Anyway, Rearden blames humanity as a whole for Tony’s loss, due to the way it teaches the children to not think.*** He thinks it is humanity’s responsibility to raise the next generation right, and yet somehow manages to exclude himself. Wasn’t it his responsibility to speak the truth, too? Not just to know the truth, but to speak it and to tell people, so that they had the option to pick it? If so, it doesn’t occur to him. He takes no personal responsibility for the lack of education or the suppression of intelligence.
Writing up this chapter really helped bring one of my opinions into sharp focus: we are all responsible for fostering intelligence, knowledge, and rationality in each other. If we want to live in a rational world, then we have to actively promote rationality. Hank Rearden hadn’t done so before and fails to acknowledge that lack in the past, but at least he finally spoke directly to the people he considered irrational and let them know where their logical flaws were. It was only a little and it was quite late, but I don’t even care: it may have been a baby step but it was a step.

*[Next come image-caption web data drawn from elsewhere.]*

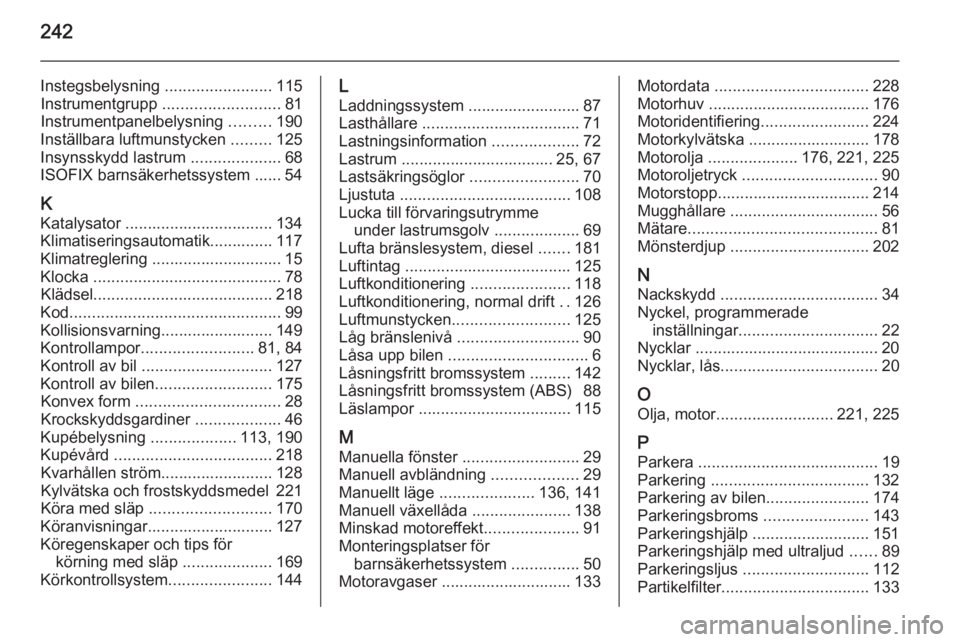 OPEL CORSA 2015 Instruktionsbok 242
Instegsbelysning ........................115
Instrumentgrupp .......................... 81
Instrumentpanelbelysning .........190
Inställbara luftmunstycken .........125
Insynsskydd lastrum .. OPEL CORSA 2015 Instruktionsbok 242
Instegsbelysning ........................115
Instrumentgrupp .......................... 81
Instrumentpanelbelysning .........190
Inställbara luftmunstycken .........125
Insynsskydd lastrum ..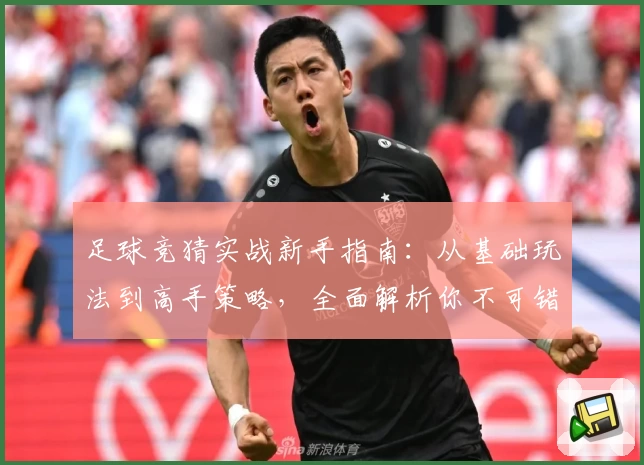 足球竞猜实战新手指南：从基础玩法到高手策略，全面解析你不可错过的精彩体验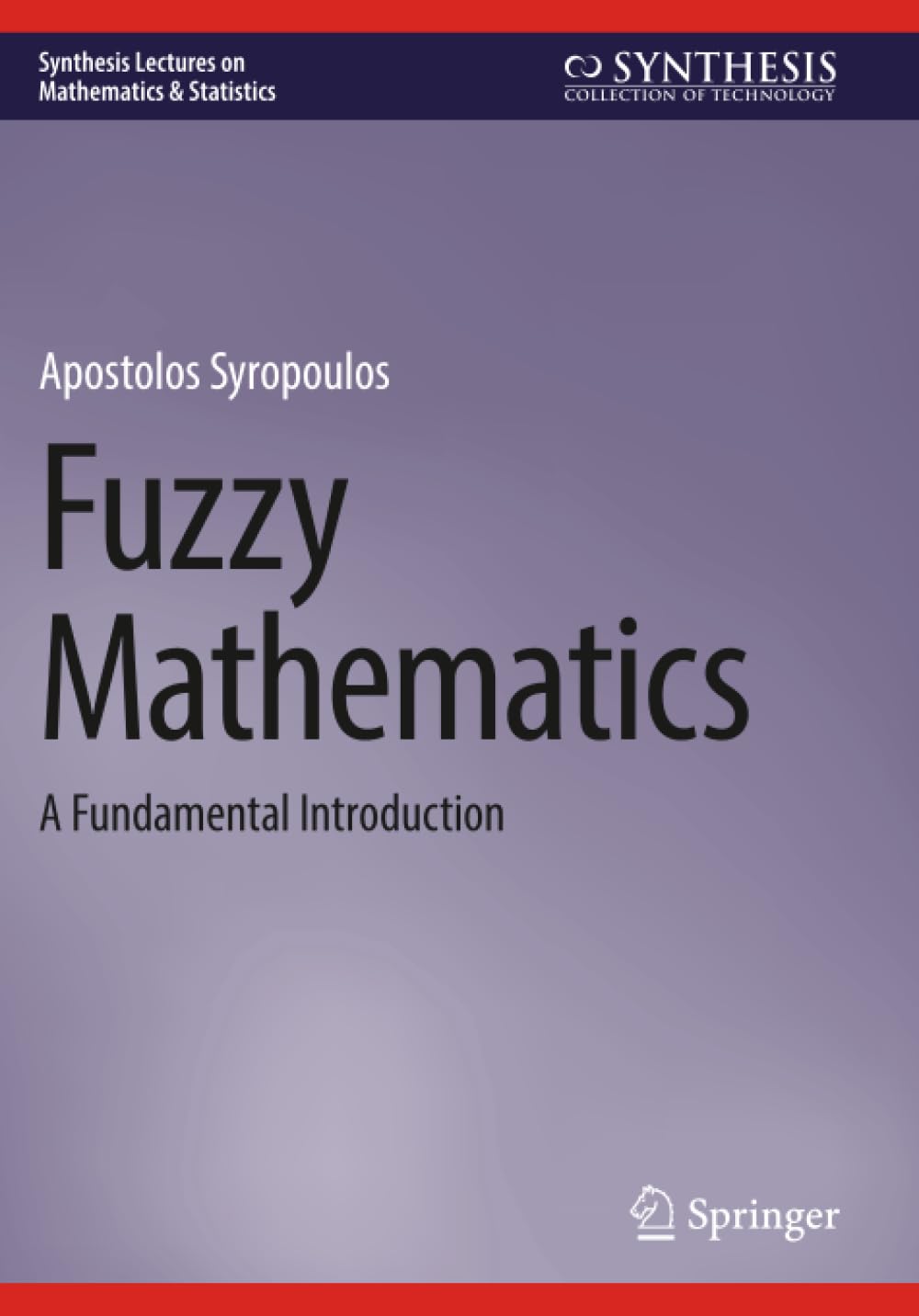 Fuzzy Mathematics: A Fundamental Introduction (Synthesis Lectures on Mathematics & Statistics)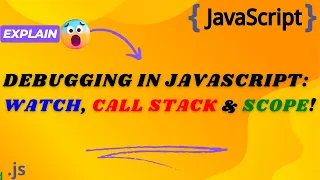 Master Debugging in JavaScript Watch Call Stack Scope Explained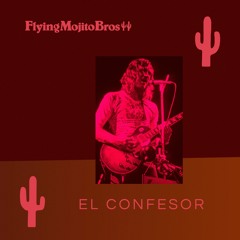 Flying Mojito Bros - El Confesor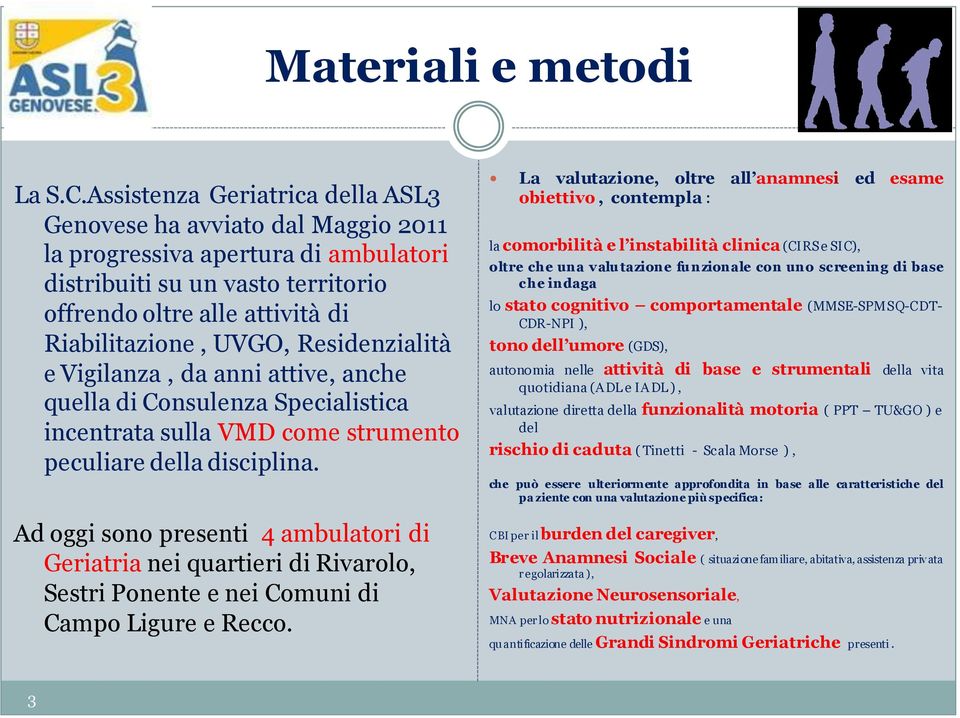 Residenzialità e Vigilanza, da anni attive, anche quella di Consulenza Specialistica incentrata sulla VMD come strumento peculiare della disciplina.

Yay for Rearden.
* This is exactly the advice given to bullied kids: don’t give bullies the reaction they’re seeking and they’ll leave you alone. One problem with that advice is that it’s really hard to fake not caring. Rearden, in this chapter, has been worn down sufficiently that he cares very little and is more curious than he is worried.
** There’s a reason “forgive and forget” is a phrase, and it’s not because they mean the same thing. Even if Rearden decided for some reason to forgive them, it hardly seems likely he’d forget what they had done, especially since they seem determined to rub his nose in their disgust of him even as they beg.
I’m also still not sure why Rearden ever married Lillian in the first place. Or, for that matter, where she came from. Where is her family? Under what circumstances did she even meet Rearden if she doesn’t have a birth family of her own? Sure Jim Taggart met Cheryl at a shop, but I’d assumed that Rearden met Lillian at an upscale social event.
*** I’m unsure what a Randian educational system would be like if it is purely rational but does not involve teachers telling students to listen to the teachers rather than assuming that they already know the answers. Maybe it’s to just throwing the kids out into the work force to sink or swim on their own?